I do strongly believe that folks like me need to take one for the team,
and distill the firehose for the team. I don't only do that for the l10n
community, but also the l10n-drivers team.
This year, we've condensed it pretty much, and made it part of the first
half day in our l10n hackathons.
In fact, one of the key arguments for me in favor of doing the
hackathons all around the world was to relay some key messages from the
larger organizational updates and news.
We intend to continue to do that next year. Next week, we'll hash out
the details of what we actually need to collaborate on with you guys in
person, so the format might change or not.
Doing these updates on the mailing lists is hard, sadly. A *lot* of
folks are complaining about the signal-to-noise ratio on the l10n lists.

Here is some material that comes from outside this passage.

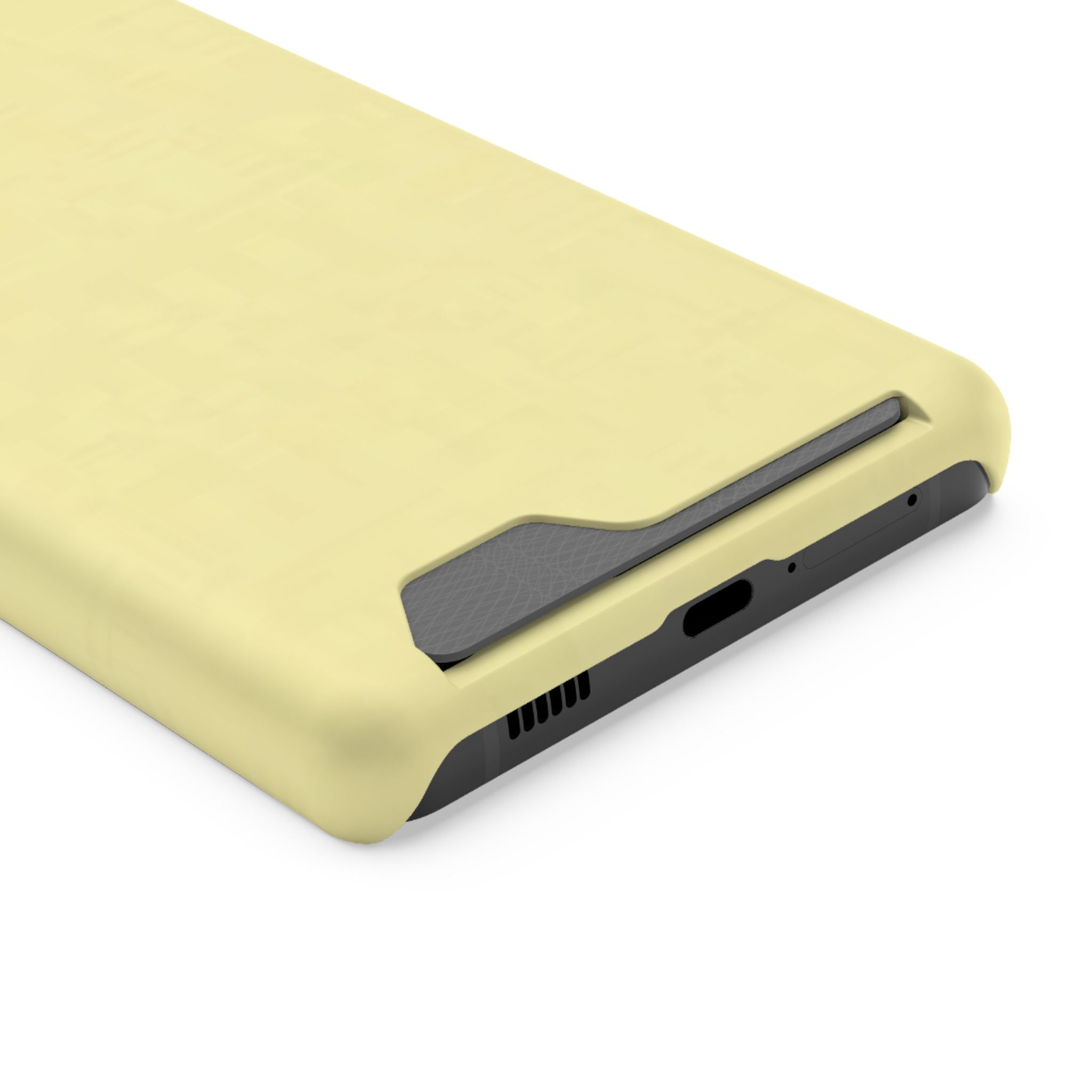 Pale Yellow Card-Holder Phone Case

Giving status updates is hard, without having the ability to quickly
dismiss an update as "I don't care" or "I already know", or even more
importantly "what's that thing you talk about in the first place?". I
personally can't really deliver them in writing, at least. Maybe there's
a better communication pattern and channel to let people find out what's
*actually* important to l10n folks?
As for Thunderbird in particular:
Micheal is referring to the discussion in
https://groups.google.com/forum/#!topic/mozilla.governance/kAyVlhfEcXg,
for those that lack context.
The following is me as a Thunderbird user, long-time mozillian, and
Firefox l10n-drivers staff. I.e., my personal involvement in Thunderbird
and Localization don't overlap at all, and never did.

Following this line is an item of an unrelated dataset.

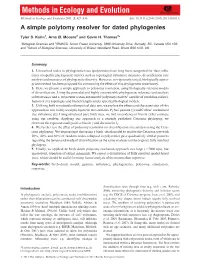 A Simple Polytomy Resolver for Dated Phylogenies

There are a bunch of people already putting words into Mitchell's mouth.
Please don't join the club. So far, she hasn't said anything different
from what has been said in the past couple of years. Her words were in
the context of making the integration of Thunderbird and Firefox tighter
than it currently is, and she disagrees. Given the current mix doesn't
work for anybody, further apart is what she recommends.
I am lucky enough to get a chance to talk to Mitchell face to face every
now and then. I even talked to her about Thunderbird not too long ago.
I've seen her face being torn between her personal email experience, and
her personal vision for the health of the mozilla organization.
At this point, her (and Mark's) organizational statements are in line
with previous messaging. I personally (and a few others in .governance)
understand those, but we also have a more or less concrete idea of the
technical problems lying ahead of Thunderbird. And those aren't yet
addressed. As Mitchell has mentioned, we're early in this conversation.
At the same time, there are a lot of forcing functions for this
conversation when it comes down to removal of XUL from the platform etc.
I'm confident that technical folks are going to have a conversation that
parallels the organizational one. How exactly that conversations goes,
and what it turns out with, I don't know.
Which is also a reason why I wouldn't have done an update on that on the
l10n groups at this point.
I think that the organizational and technical future of Thunderbird is
challenging. The best we can do for Thunderbird is to keep an open mind,
and assume best intentions for Thunderbird in the people driving the
decision making.
Also take into account that those two conversations are interlinked, but
also separate to a significant degree.
I invite Fallen and/or Standard8 can comment with their personal take, too.